Yo lo conocí a Winter en su puerto, en su escondrijo de Bajo Imperial. Lo conocí de leyenda, lo conocí, luego, de vista y, al fin, de profundidad. Cómo asombrarse de que se haya muerto? Como no me sorprende de que una mujer joven tenga hijos, que un objeto dé sombra. La sombra de Winter era mortal, su predilección iba enlutada, era un auténtico convidado de fantasmas, Winter. Su vocación de soledad fue más aguda que ninguna y su penetración en lo inanimado lo aislaba, envolviéndolo en frío, en aire celeste, Estudiante de Sombras, Licenciado de los Desiertos!

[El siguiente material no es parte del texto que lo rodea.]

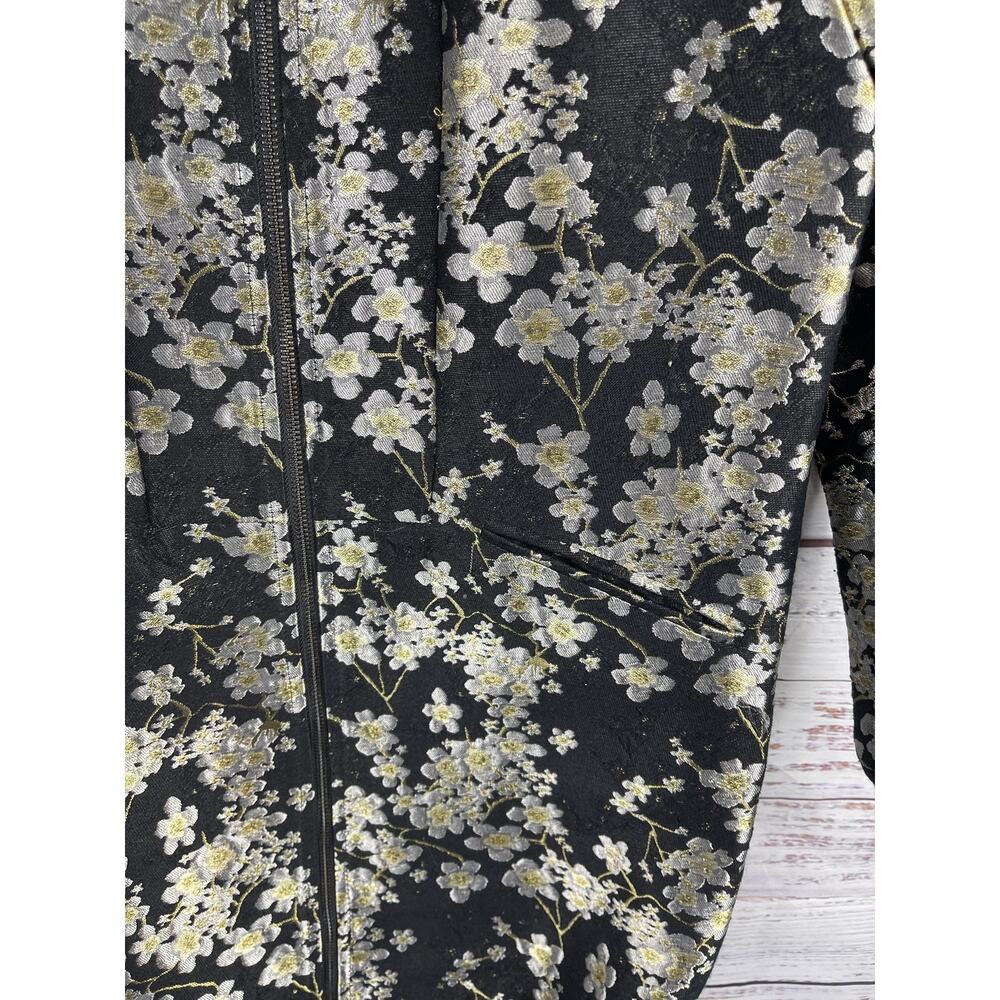 BCBG Generation Jacket Women's Size XS Gold Floral Brocade Bomber Coat XS - Picture 4 of 7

Don Augusto era el hombre de manos minúsculas, de ojos de agua azul, el hombre aristocrático del Norte, el viejo caballero auténtico. Llegó al Sur a contrastar, a una tierra de mestizos revoltosos, de colonos oscuros, a un semillero de indios sin ley. Allí vivió don Augusto, delicado, envejeciendo. En su cercanía más próxima había libracos, sabidurías, y a su alrededor un cortinaje denso de lluvia y alcoholismo. Hasta mis recuerdos me asustan de aquellas soledades! Cuando el mal tiempo se desamarra por allí, las aguas parecen parientes del demonio, y las del río, las del mar, las del cielo, se acoplan, bramando. País abandonado en que hasta las cartas llegan sin frescura, ajadas por las distancias, y en que los corazones se petrifican y alteran.

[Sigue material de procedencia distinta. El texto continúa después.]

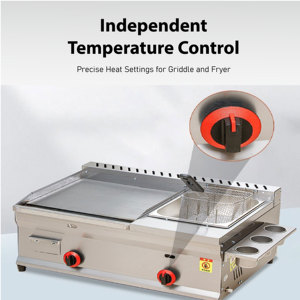 Stainless Steel Multifunctional Gas Griddle <b>Fryer</b> For Frying Boiling Fried Chicken Fries Pancake Processing - Product Image 2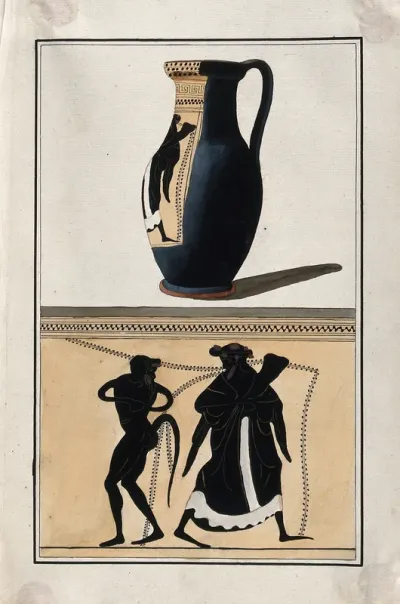 Above, black-figured Greek wine jug (oinochoe); below, detail of decoration showing a man (most probably Dionysus) and a dancing satyr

Eso, todo, está pegado con mi niñez, eso, y don Augusto con su barba medio amarilla de tiempo y sus ojos de viaje certero. A mí —hace tantos años— me parecía misterioso ese caballero, y su luto, y su aspecto de gran pesar. Yo espié sus paseos de la tarde en que, paso a paso por la orilla de un mundo amortecido, miraba como para adentro, como para recorrer sus propias extensiones. Pobre, solo! Después de entonces, he visto hombres ya muy apartes, ya muy dejados de la vida y muy abstenidos de acción, muy envueltos en distancias. Pero como él, ninguno. Ninguno de tanta confianza en la desgracia, de tanta similitud con el olvido.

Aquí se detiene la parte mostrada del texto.